Manpreet Singh, honorary treasurer of the National Restaurant Association of India, said that eateries are already grappling with supply challenges alongside rising costs.

"There is a huge difficulty in getting these cylinders, and black marketing is also increasing in many unregulated sectors," he said, noting that prices that were once around Rs 1,600, often dropping to nearly Rs 1,300 with discounts, have now surged to between Rs 3,000 and Rs 4,000 per cylinder.

He further added that a medium-sized restaurant typically uses between two and five cylinders daily, making the increase particularly burdensome as costs mount.

Singh further said that as costs mount, smaller establishments could struggle to stay afloat. Instead, the association has advised restaurants to shift towards piped natural gas connections through Indraprastha Gas Limited as a more sustainable alternative.

"If this problem continues, PNG is the only long-term solution," he said, adding that temporary measures like coal offer limited relief due to slower cooking times and that it can largely be used only for tandoors.

Echoing similar concerns, Kabir Suri, owner of Mamagoto in Khan Market, said the impact is already visible across the industry. "There has been almost a threefold increase in cylinder prices for restaurants," he said, adding that rising fuel and logistics costs are compounding the pressure.

"If this continues, it will become a significant financial burden, and food prices will inevitably go up. Adding to this burden, higher fuel costs are also affecting logistics and transportation, making a price rise unavoidable. The extent of the impact will vary between small eateries and large chains depending on their scale," he said.

Global oil prices have surged nearly 50 per cent following disruptions in energy supply chains due to the West Asia conflict, pushing up commercial fuel costs and transport expenses.

A West Delhi-based restaurateur said they are trying to manage rising costs while keeping their staff secure. "We are trying to ensure that our staff, from kitchen workers to waiters, are paid on time and do not face immediate hardship," the owner said.
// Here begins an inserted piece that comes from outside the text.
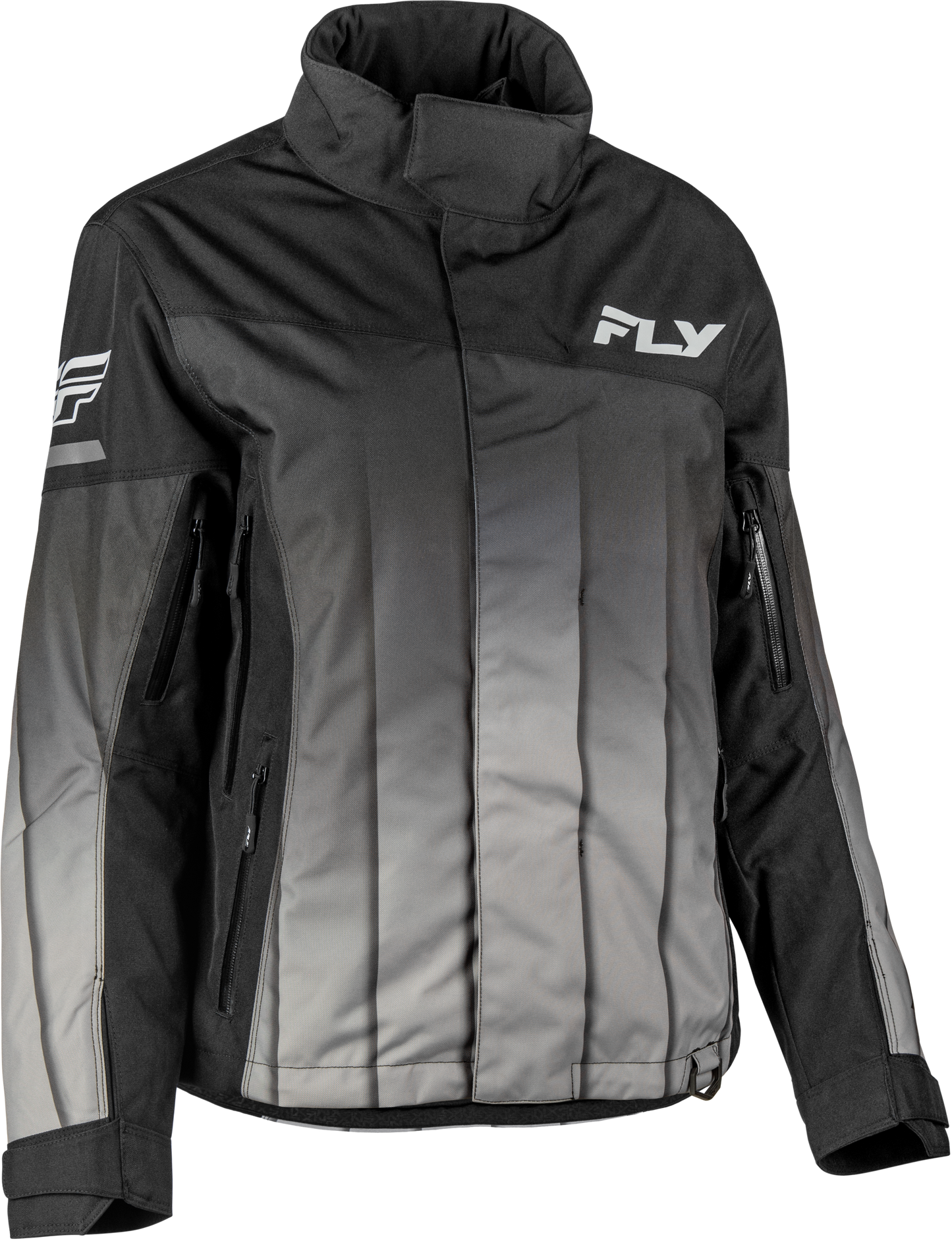 Women's Snx Pro Jacket Black Xl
"We are a small restaurant with seating for about 20 to 25 people at a time. But if this continues for long, we will have to take difficult calls. There is only so much we can absorb, and menu prices will have to go up. We hope this does not continue for a longer period," he said.

Another restaurant owner in North Delhi, who did not wish to be named, said operational adjustments alone may not be enough. "We are checking our costs very carefully and trying to cut wherever possible, but if fuel prices remain high, it will eventually affect how we run the business," the owner said.

"Coal helps in tandoor cooking, but it takes more time," the owner further added.

The strain is even more acute among street vendors, many of whom operate on thin margins. A vendor in Saket said he had recently expanded his business, moving from a mobile cart to a rented outlet.

"I have a family to feed and more responsibilities now. Earlier, I managed with a moving cart, but after renting the place, expenses increased," he said. "Whenever cylinders were unavailable, I had to buy them at higher rates in the black market. Now even regular supply is too expensive, and if this continues, we may have to shut down," he added.

In Laxmi Nagar, another vendor said they are struggling to keep the business running. "Sometimes we even used domestic cylinders from home when supply ran out because we had to keep the stall running," he said, adding that rising costs leave little choice but to increase prices or bear losses.

On April 1, the rates of commercial LPG cylinders were hiked by Rs 195.50 per cylinder, followed by a Rs 114.5 hike on March 1, taking the total increase over the past three months to Rs 1,303. With the latest revision, a 19 kg commercial LPG cylinder now costs Rs 3,371.5 in Delhi, up from Rs 2,078.5 earlier.

The prices of domestic LPG cylinders used for household cooking have remained unchanged. They were last increased by Rs 60 per 14.2 kg cylinder on March 7 and currently cost Rs 913 in Delhi.